We put everything on the left side in the second step and in the third step we multiplied the whole equation by $$\frac{r}{m}$$ to eliminate the factor before the $$v^2$$. Now we have the p-value $$- \frac{r \,q\, B}{m}$$ and q-value $$- r \, g$$ for the pq-formula: \begin{align}v_{1,2} & ~=~ -\frac{p}{2} ~\pm~ \sqrt{ \left(\frac{p}{2}\right)^2 ~-~ q } \\\\ v_{1,2} & ~=~ \frac{r \,q\, B}{2m} ~\pm~ \sqrt{ \left(\frac{r \,q\, B}{ 2m}\right)^2 ~+~ r \, g }\end{align}

Now we just have to insert the concrete values to determine $$v_1$$ and $$v_2$$.
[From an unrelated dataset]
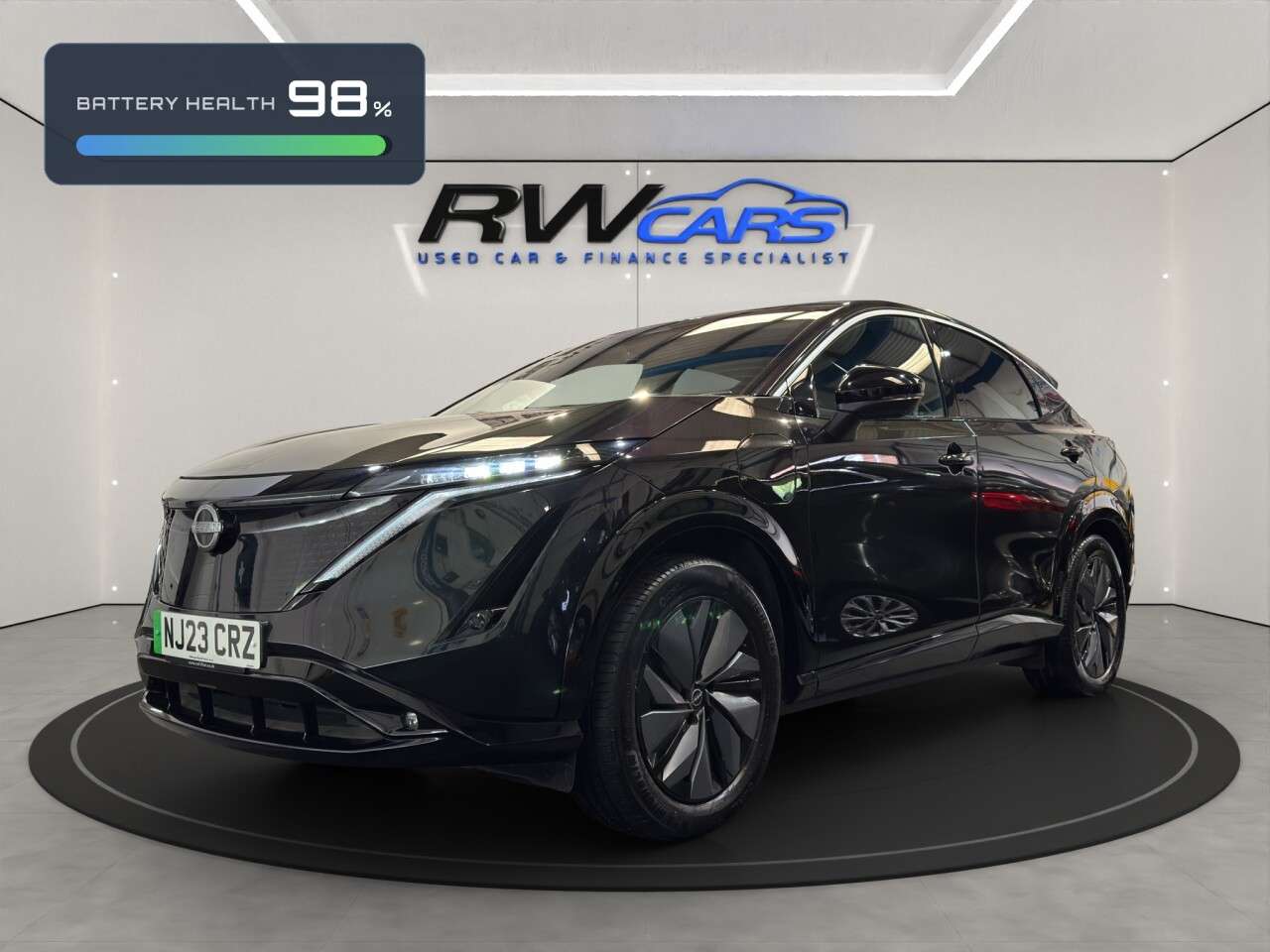 A 2023 NISSAN ARIYA 63kWh Advance SUV 5dr Electric Auto 7.4kW Charger (217 ps) A 2023 NISSAN ARIYA 63kWh Advance SUV 5dr Electric Auto 7.4kW Charger (217 ps)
• The radius $$r$$ is equal to the earth radius plus the height of the ion above the earth: $$r ~=~ 6370 \, \text{km} ~+~ 30 \, \text{km} ~=~ 6400 \cdot 10^3 \, \text{m}$$
• The charge $$q$$ corresponds to the charge of the ion: $$q ~=~ e ~=~ 1.60 \cdot 10^{-19} \, \text{C}$$
• The mass $$m$$ corresponds to the mass of the ion: $$m ~=~ 352 \, u ~=~ 352 ~\cdot~ 1.66 \cdot 10^{-27} \, \text{kg}$$
• The magnetic field $$\class{violet}{B}$$ corresponds to the constant earth magnetic field at the equator: $$\class{violet}{B} ~=~ 30 \, \mu\text{T} ~=~ 30 \cdot 10^{-6} \, \text{T}$$
• The gravitational acceleration $$g$$ on earth is: $$g ~=~ 9.8 \, \frac{\text m}{ \text{s}^2 }$$

If all these values are used, the result is: $$v_{1,2} ~=~ 26 \,286\,966.05 \, \frac{\text m}{ \text s } ~\pm~ 26\,286 \,967 \frac{\text m}{ \text s }$$

We obtain the first solution of the quadratic equation by adding the two values in the pq formula: \begin{align}v_1 &~=~ 52\,573\,933 \, \frac{\text m}{ \text s } \\\\ &~\approx~ 5.2 \cdot 10^7 \, \frac{\text m}{ \text s }\end{align}

We get the second solution if we subtract the two values in the pq formula: $$v_2 ~=~ -1.19 \, \frac{\text m}{ \text s }$$

The solution $$v_2$$ is not a valid solution. You can check this by substituting $$v_2$$ into the pq formula. However, $$v_1$$ is a valid solution. Therefore, the required speed is: $$v ~=~ 5.2 \cdot 10^7 \, \frac{\text m}{ \text s }$$

#### Solution to exercise #1.3

To justify why the gravitational force hardly plays a role, you can look at the ratio of the gravitational force $$F_{\text g}$$ to the Lorentz force $$F_{\text m}$$: $$\frac{ F_{\text g} }{ F_{\text m} } ~=~ \frac{ m \, g }{ q \, v \, B }$$

Inserting the values (including the calculated velocity in exercise b), results in: \begin{align}\frac{ F_{\text g} }{ F_{\text m} } &~=~ \frac{ 5.73\cdot 10^{-24}\, \text{N} }{ 2.5\cdot 10^{-16} \, \text{N} } \\\\ &~\approx~ 2 \cdot 10^{-6} \, \%\end{align}

So the gravitational force is just 0.000002 % of the Lorentz force and can be neglected.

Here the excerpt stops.